Credit: Andrew Basterfield, Flickr - CC BY-SA 2.0 (credit links at the end of the content)
In the late 1960s, Formula One was changing faster than almost anyone could understand. Engines were becoming more powerful, and by 1968 the arrival of aerodynamic wings had already started to transform the sport completely. Teams were searching for new ways to control all that power and grip, and in the middle of that technological revolution, the Cosworth 4WD was born.
At the time, some believed the future of Formula One was simply more horsepower. Others were beginning to see aerodynamics as the real breakthrough. But at Cosworth, the answer seemed obvious: if the cars could not handle the power through two wheels, then all four wheels should drive the car.
The result was the mysterious Cosworth 4WD, one of the strangest and most ambitious F1 projects ever created.

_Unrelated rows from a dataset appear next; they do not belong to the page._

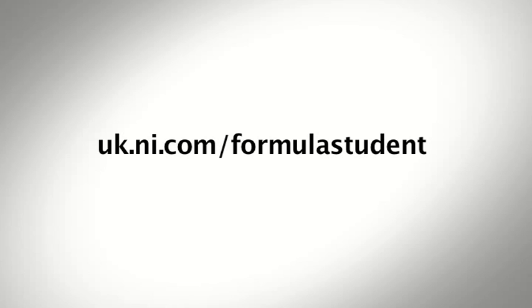Visit uk.ni.com/formulastudent to learn more about how FS teams are using NI tools and to get engineering support for your car.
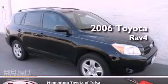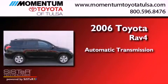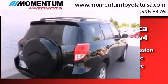This is a 2006 Toyota RAV4. This crossover has an automatic transmission, an inline four-cylinder engine, and the added capability of four-wheel drive.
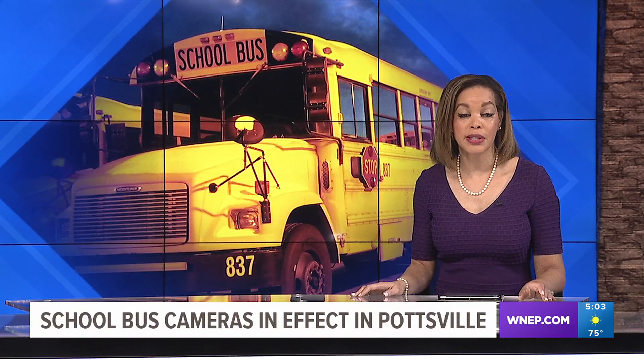Almost a month into the school year, officials with the Pottsville Area School District say new technology to stop people from illegally passing school buses has proven to be beneficial. News Watch 16's Valeria Quinonez shows us how the Bus Patrol Safety Program works.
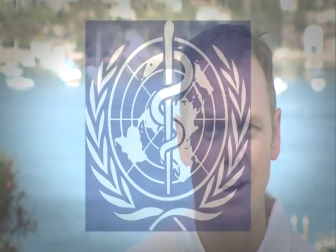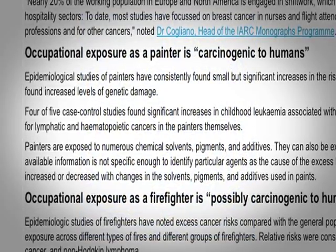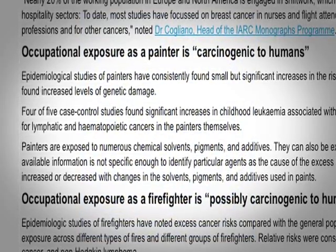I used to get really bad headaches from painting, so I started looking at alternatives. After doing some research, one study done by the World Health Organization showed that painters have a 20% higher risk of getting liver cancer and a 40% higher risk of getting lung cancer.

In never started a race, never officially raced, and yet it became one of the sport’s greatest ‘what if’ stories.
The Cosworth 4WD project

Credit: Andrew Basterfield, Flickr
The entire project really began with the arrival of the legendary Ford Motor Company-backed Cosworth DFV engine in 1967.

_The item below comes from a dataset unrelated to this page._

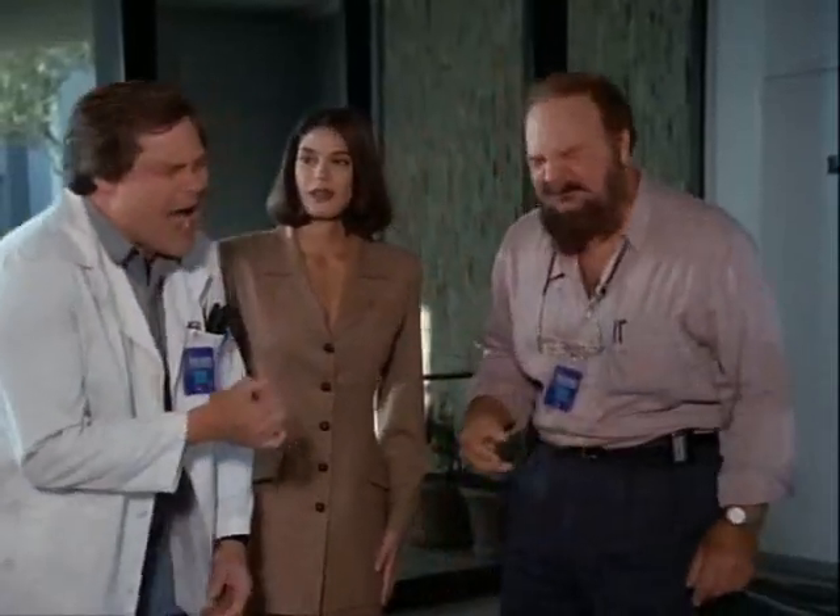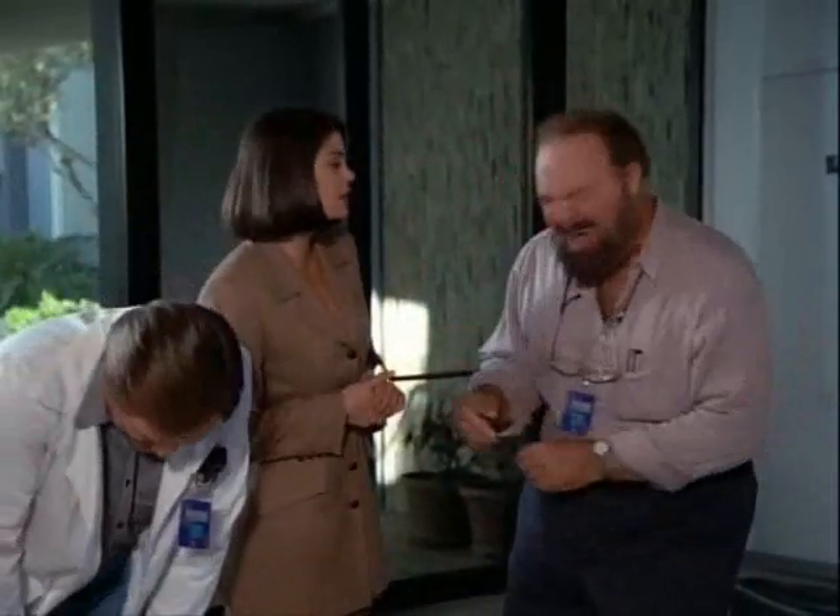Excuse me. Can you tell me where the plant manager is? Where's the plant!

It was designed by Keith Duckworth and MIke Costin, the DFV immediately transformed F1.
We have shared before the story of Cosworth engines, and how they managed to outperform some of the biggest teams in F1 during that era.
But success created a new problem; the DFV produced so much power that the narrow rear tires of the era simply couldn’t handle it properly.

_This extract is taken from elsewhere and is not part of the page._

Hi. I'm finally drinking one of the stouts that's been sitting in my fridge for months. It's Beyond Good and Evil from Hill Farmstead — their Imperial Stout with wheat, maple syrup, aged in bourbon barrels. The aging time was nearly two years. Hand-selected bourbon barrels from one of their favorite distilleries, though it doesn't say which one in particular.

Drivers constantly fought wheelspin when accelerating out of corners, especially in wet conditions.
To many engineers; the conclusion seemed logical; if two driven wheels couldn’t cope with the power, perhaps four wheels could.
At the time, four-wheel drive looked like the future not only in F1; but in motorsport in general.
Several teams began experimenting with the concept; believing it would revolutionize racing the same way the rear-engine layout had done years earlier.
But Cosworth took things further than almost everyone else; instead of merely supplying engines, they decided to build an entire F1 car themselves.
Cosworth Builds Its Own Formula One Car
That alone made the project remarkable; Cosworth was famous for engines, not complete chassis, yet in 1969, the company committed itself to creating a full F1 machine from scratch; it would become the only F1 car Cosworth ever built.
The design work was handed to Robin Herd, an engineer who later became one of the founders of March Engineering, he approached the car with unusual ideas from the beginning.
The chassis used Mallite, a lightweight composite material made from aluminum bonded around a wooden core.
F1 in the late 1960s was full of experimentation, and engineers were trying almost anything in search of speed; the drivetrain itself was even more radical.
Everything was bespoke; the car also used a special magnesium-cast version of the DFV engine to reduce weight.
On paper, this car looked futuristic, on the circuit, it became a nightmare!
The Car That Fought Its Drivers
Testing quickly revealed that the Cosworth 4WD was deeply flawed, the biggest problem was understeer, severe, relentless understeer.
The front wheels were trying to pull the car forward while the rear wheels pushed from behind; but instead of creating balance, the system made the car resist turning into corners.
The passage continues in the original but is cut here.